Inspired by the SCons build system
The software is inspired by SCons and it replaces the entire GNU autotool chain, which includes the automake, aclocal, autoconf, autoheader, make and libtool tools. It features various examples, including KDE, OCaml and Qt sample applications.
Features at a glance
The software has several features, among which we can mention support for objective-caml, support for GNOME applications, fast rescan for incremental builds, coloured kernel-like output, object-oriented target declaration, and automatic build order.
In addition, it comes with automatic dependencies functionality, performance improvements, support for various IDE (Integrated Development Environment) software, such as Eclipse, Xcode and Visual Studio, and great Python compatibility (Pypy, Jython 2.5, cPython 2.5 to 3.4 and IronPython).
Getting started with Waf
From time to time, you will find an application that requires the Waf build system for compilation purposes. So installing the Waf program in your GNU/Linux operating system is not a bad idea. To get started, download the latest release from Softpedia and save it on your Home directory.

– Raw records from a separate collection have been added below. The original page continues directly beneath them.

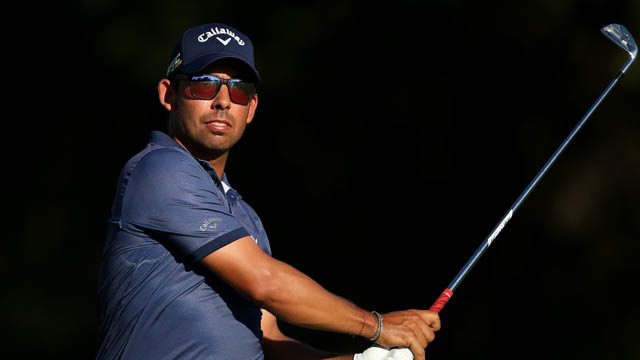 Pablo Larrazábal pelea por la gloria en Leopard Creek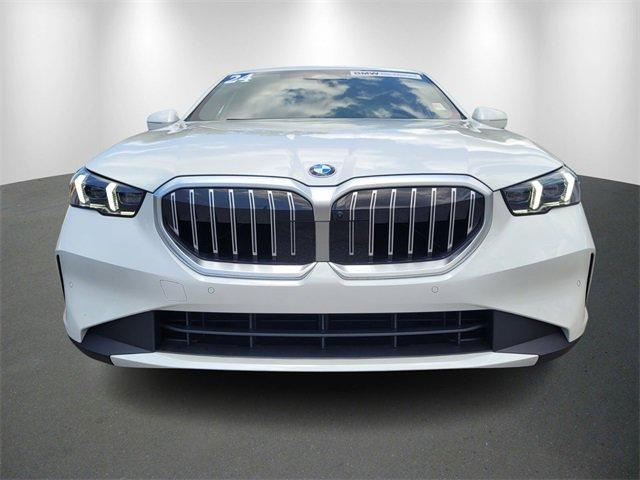 used 2024 BMW 530 car, priced at $50,529
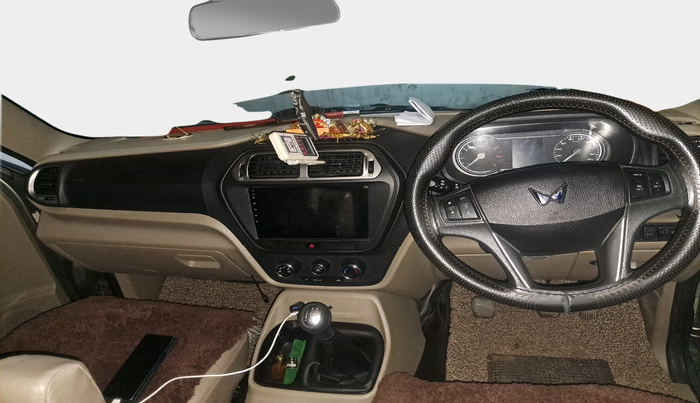 2023 Mahindra BOLERO NEO N10 R, Diesel, Manual, 27,173 km, interior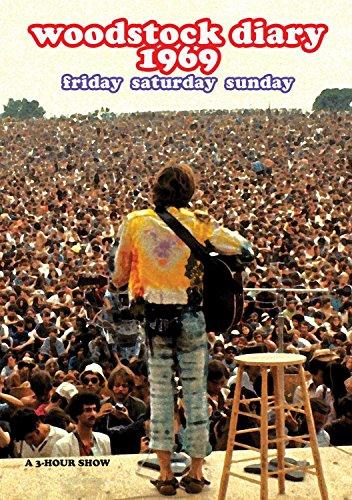 Woodstock Diary 1969 [Edizione: Germania]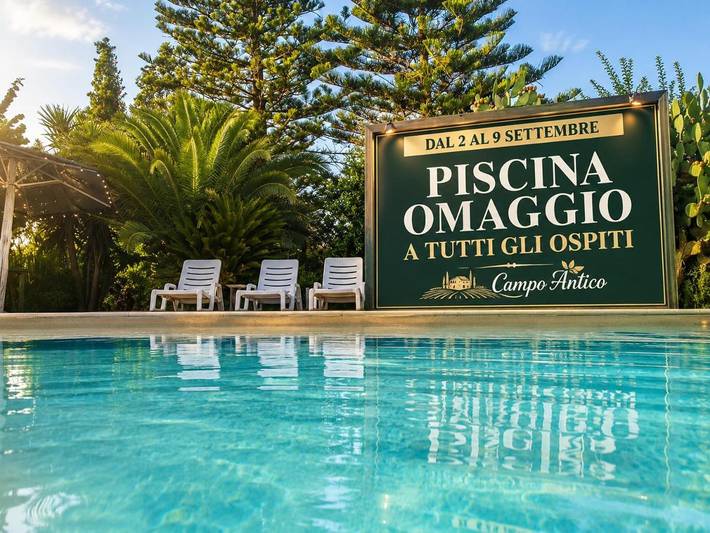 Ferienhaus für 3 Personen, mit Terrasse und Garten sowie Pool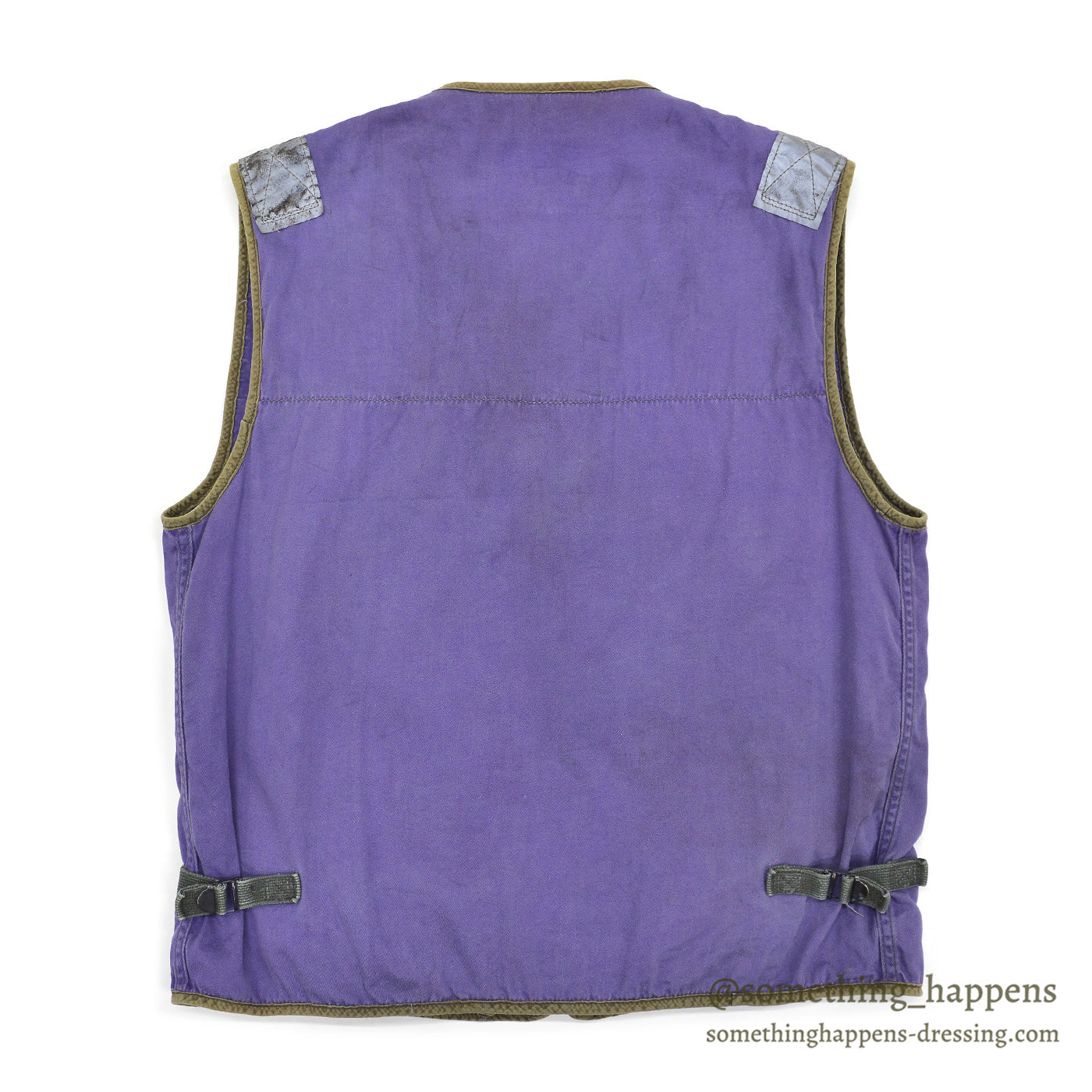 1980's U.S.NAVY LIFE PRESERVER VEST TYPE, MARK I / MODIFIED ... M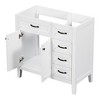 Dexmalle 36" Bathroom Vanity without Sink - 2 of 4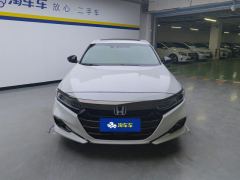 Honda Accord - ფოტო 3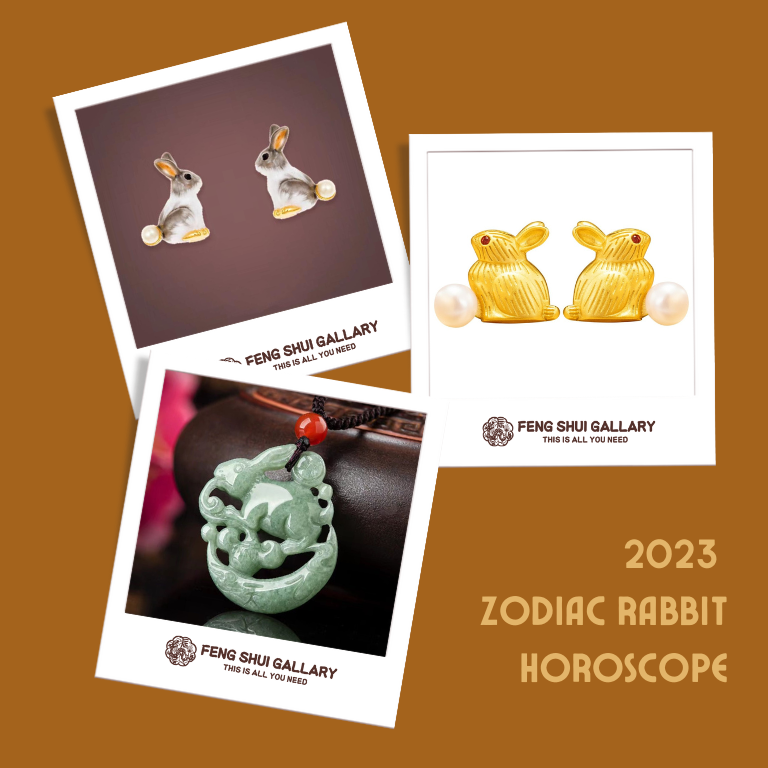 2023  Zodiac Rabbit Horoscope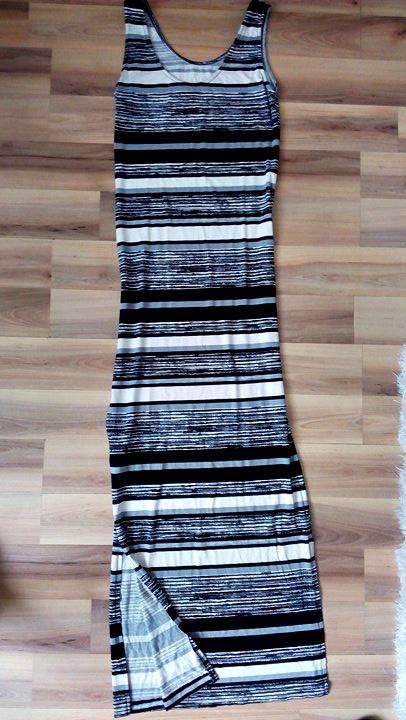 Nenosené šaty, f&f,xs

Uncompress the archive with an archive manager utility, open a Terminal app, move to the location where you’ve extracted the archive file (e.g. cd /home/softpedia/waf-1.8.5) and run the ‘./configure’ command to configure the program, which can be used directly from the source dir.
Execute the ‘./waf --help’ command to view available command-line options and the usage message. There are numerous command-line options, organized in two main categories: main commands and options (configuration options, build and installation options, step options, installation and uninstallation options, Python options).